TASK DETAILS
Using the listing below, please print exactly the lines from the one with "SEAU GARNI STITCH" through the one with "Book cover for Megahero: The Truth Single". Leave out every picture.

AVAILABLE DATA
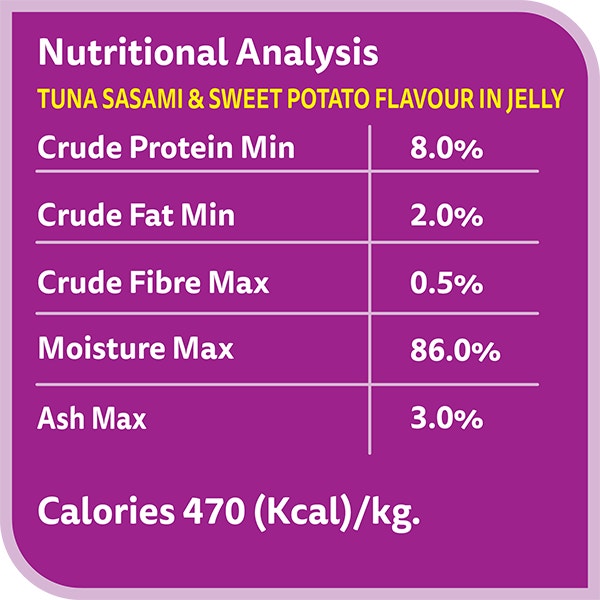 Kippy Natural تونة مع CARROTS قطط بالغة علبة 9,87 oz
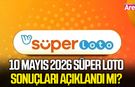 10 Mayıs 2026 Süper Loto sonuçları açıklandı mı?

* * *

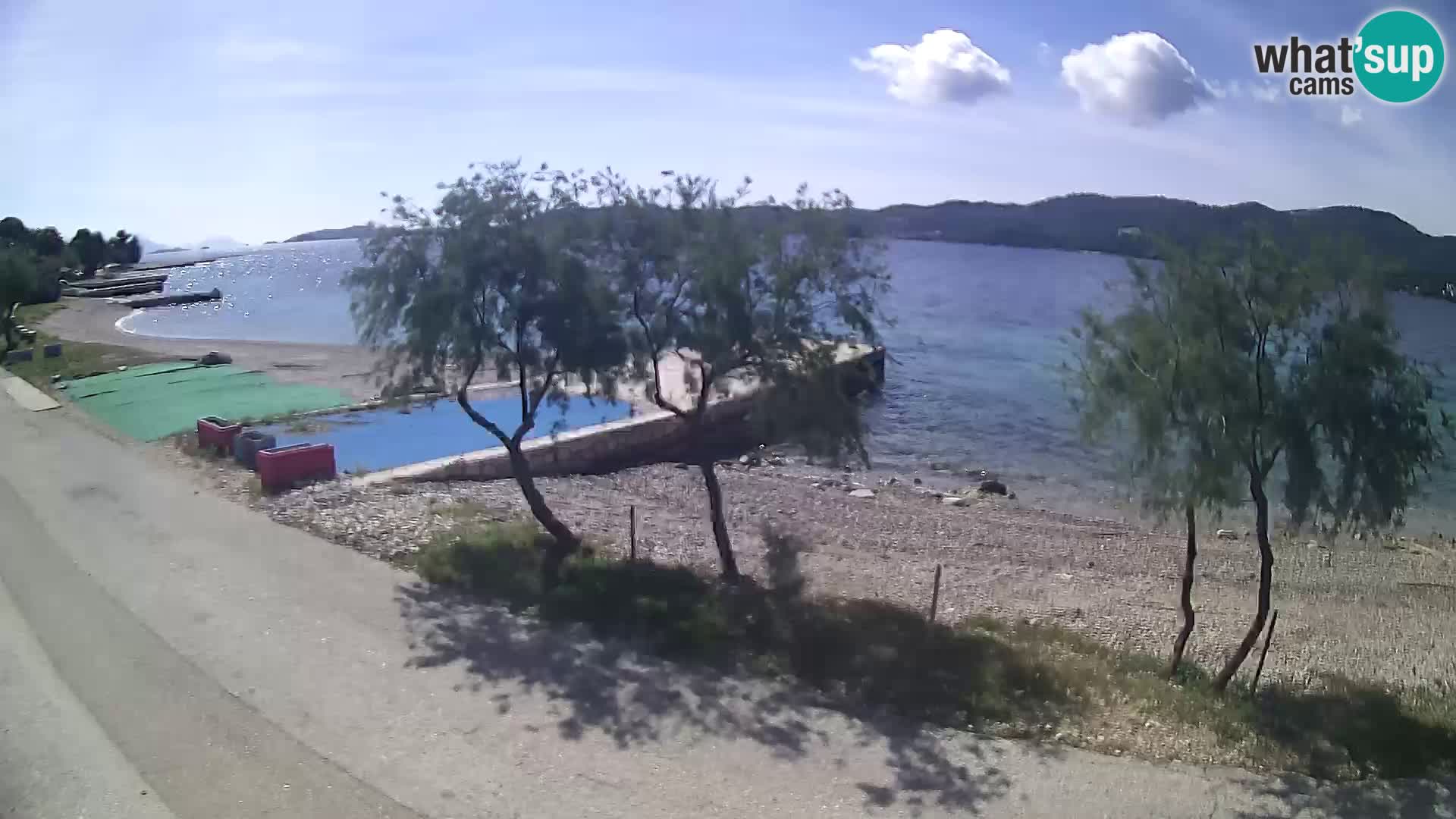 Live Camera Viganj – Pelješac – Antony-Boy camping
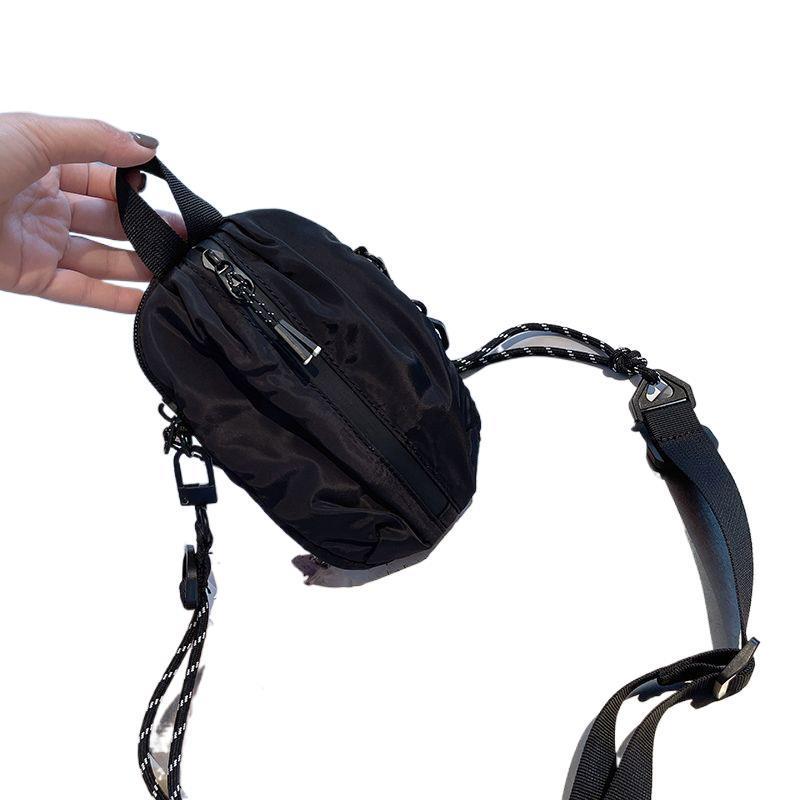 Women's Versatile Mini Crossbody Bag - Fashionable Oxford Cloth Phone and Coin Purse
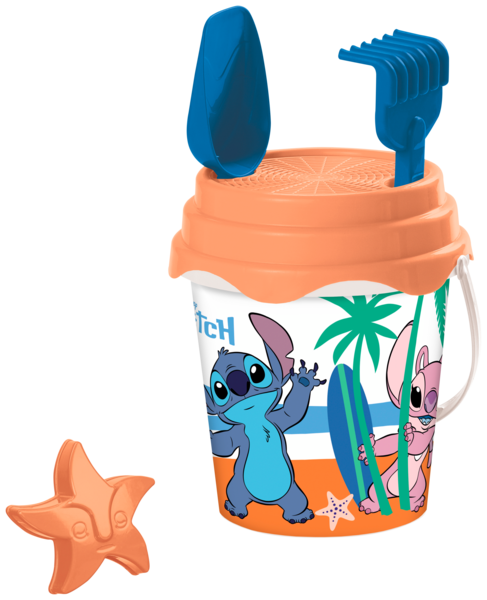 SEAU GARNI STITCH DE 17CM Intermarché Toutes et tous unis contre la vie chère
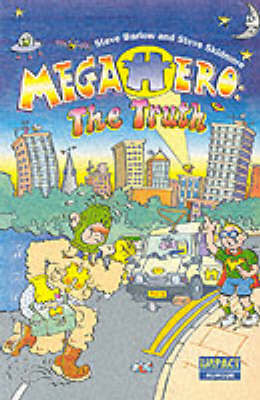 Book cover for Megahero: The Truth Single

RESPONSE TO THE TASK
 SEAU GARNI STITCH DE 17CM Intermarché Toutes et tous unis contre la vie chère
 Book cover for Megahero: The Truth Single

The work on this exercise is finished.